> [Task item]: Set down the data below in full, exactly as it reads, but without the pictures.
Material provided START
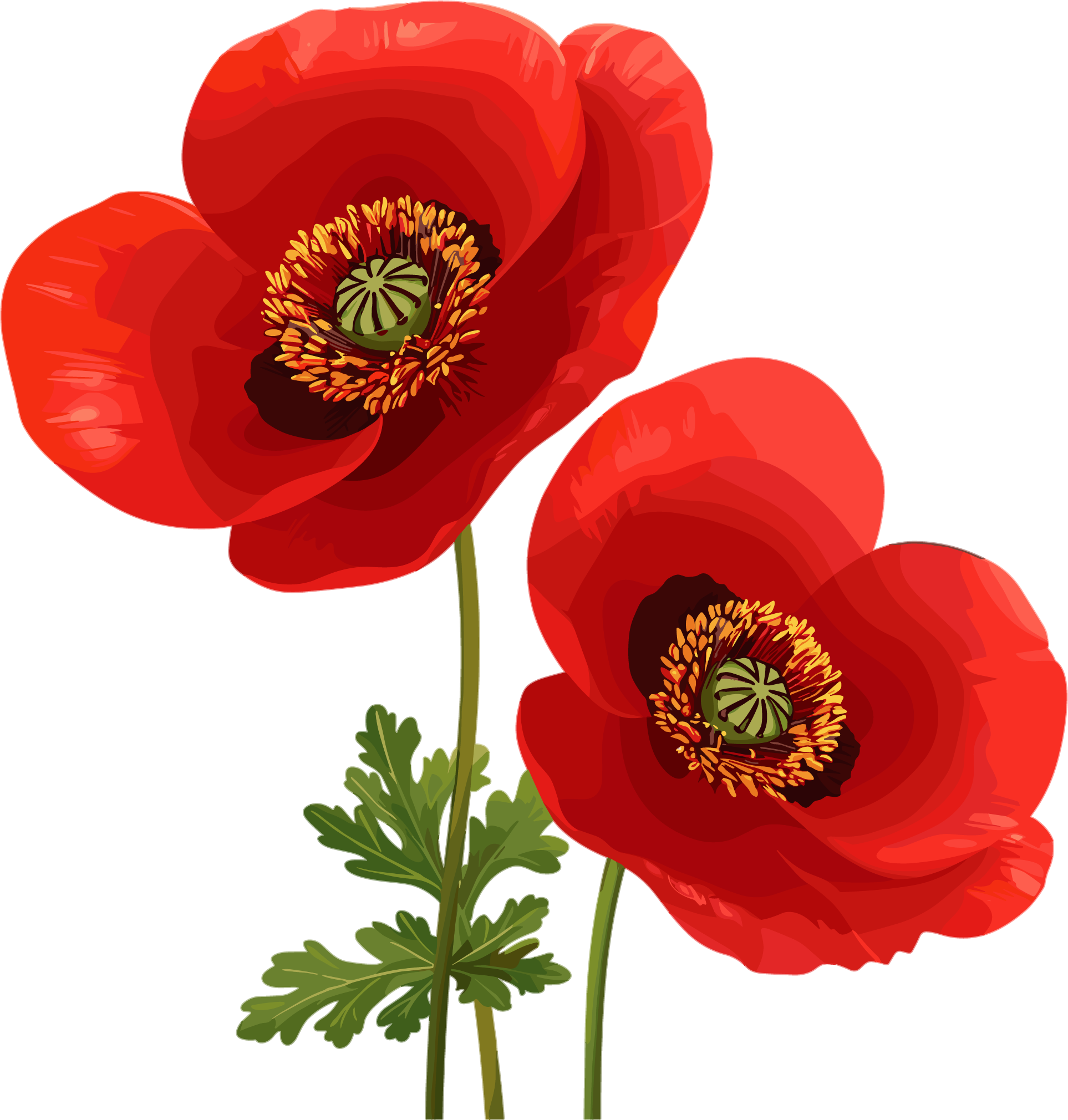 Illustration design elements of anti-drug poppy flowers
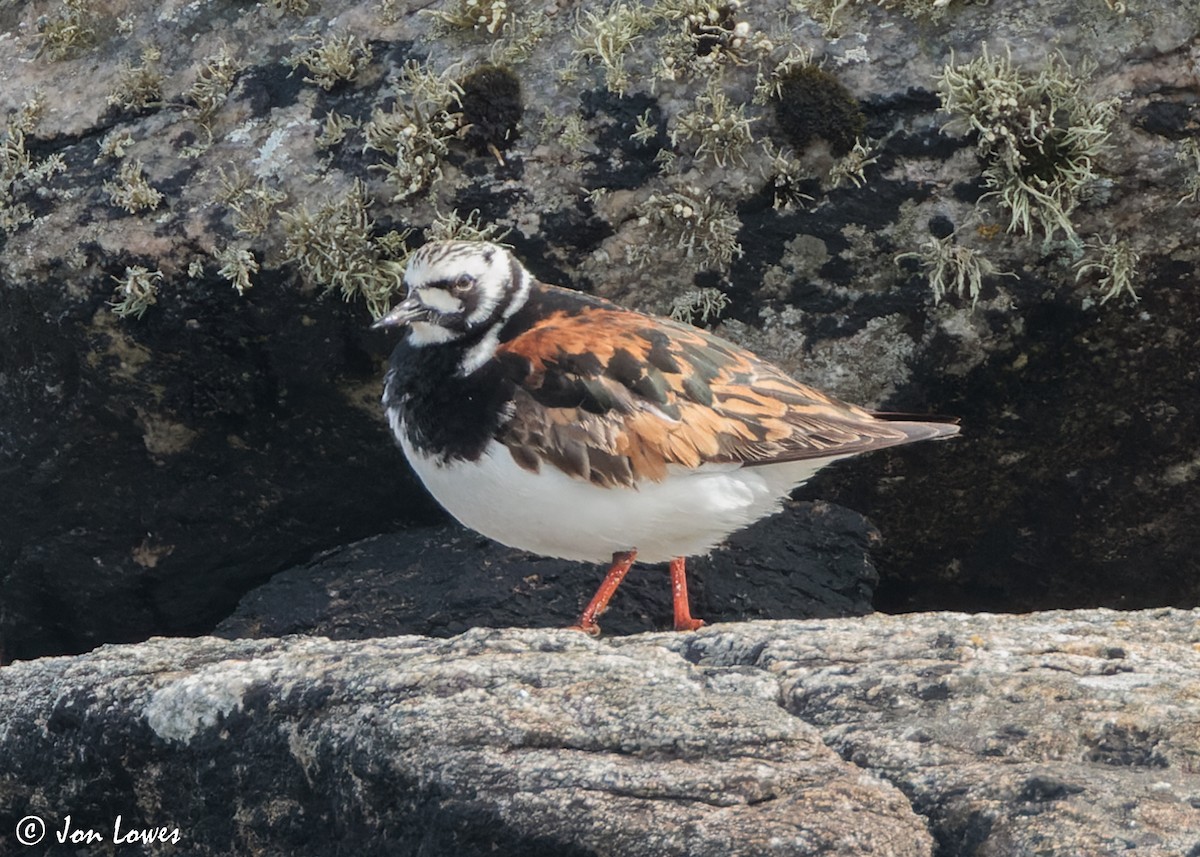 Ruddy Turnstone - ML620704536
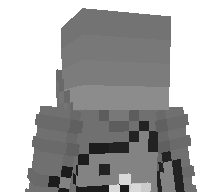 Toppiic's skin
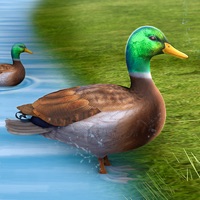 真正的鸭子生活模拟器 3D ios版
Material provided END
> [Task answer]:
 Illustration design elements of anti-drug poppy flowers
 Ruddy Turnstone - ML620704536
 Toppiic's skin
 真正的鸭子生活模拟器 3D ios版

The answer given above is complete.